Good Form and Easy Cues
You don't need perfect technique to start, but a few cues make running feel smoother and kinder on your body. Stand tall, look ahead rather than down at your feet, and let your shoulders stay relaxed and away from your ears. Keep your arms bent at roughly a right angle, swinging gently from the shoulder.
Try to land with your feet under your body rather than reaching out in front, and take quick, light, shorter steps instead of long bounding ones. If you notice tension creeping in, shake out your hands and drop your shoulders. These small adjustments may help running feel more natural over time.
Recovery, Niggles and Listening to Your Body
Rest days are when your body actually adapts and gets stronger, so don't skip them — running every single day as a beginner is a fast route to burnout or injury. Some muscle soreness in the day or two after a run is normal, especially early on, and tends to ease as you get used to it.

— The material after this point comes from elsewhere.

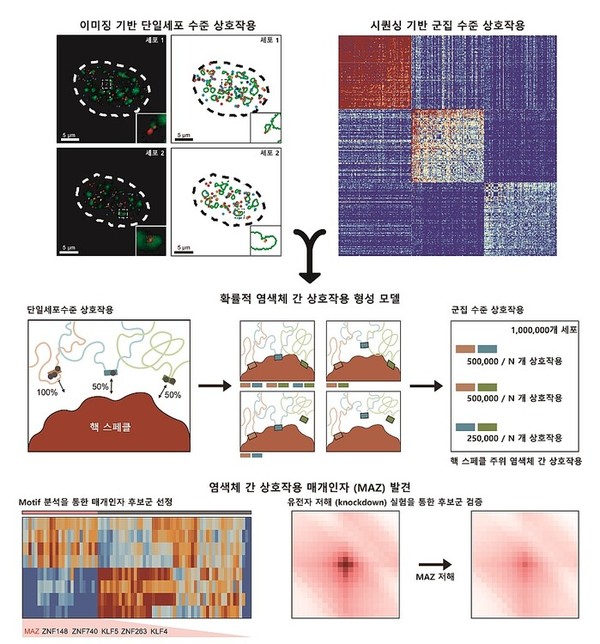 게놈 3차 구조 시퀀싱 기술과 DNA 이미징 기술을 통해 핵 스페클 주위에서 형성되는 염색체 간 상호작용을 각각 단일세포 수준과 군집 수준에서 살펴본 결과, 이미징 결과 상에서는 세포마다 상이한 게놈 지역이 염색체 간 상호작용을 이루고 있는 것으로 나타나는 반면 시퀀싱 결과 상에서는 여러 게놈 지역이 큰 하나의 상호작용을 이루는 것으로 관찰되었다. 출처 KAIST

Sharp pain, swelling, or an ache that gets worse as you run is different — that's your cue to stop and rest, and to see a physiotherapist or GP if it lingers. Learning the difference between normal effort and a genuine warning sign is one of the most useful running skills you'll develop.
Keep It Going
Consistency beats intensity every time. The goal in your first few months isn't speed or distance — it's simply showing up regularly until running becomes a habit you don't have to negotiate with yourself about. Lay your kit out the night before, pick a route you enjoy, and consider a running app or a friend to keep you accountable.
Be patient on the tougher days; not every run feels great, and that's completely normal. When you get home, give yourself a few quiet minutes to stretch and wind down — some people like to cool off to calming sound and scenery before getting on with their day. Above all, celebrate finishing. You're a runner the moment you start.
Start slower than feels necessary, run a little, walk a little, and let the habit build itself — your future running self will thank you.
Listen to your body, rest when it asks, and seek professional advice for any pain, injury or medical concern.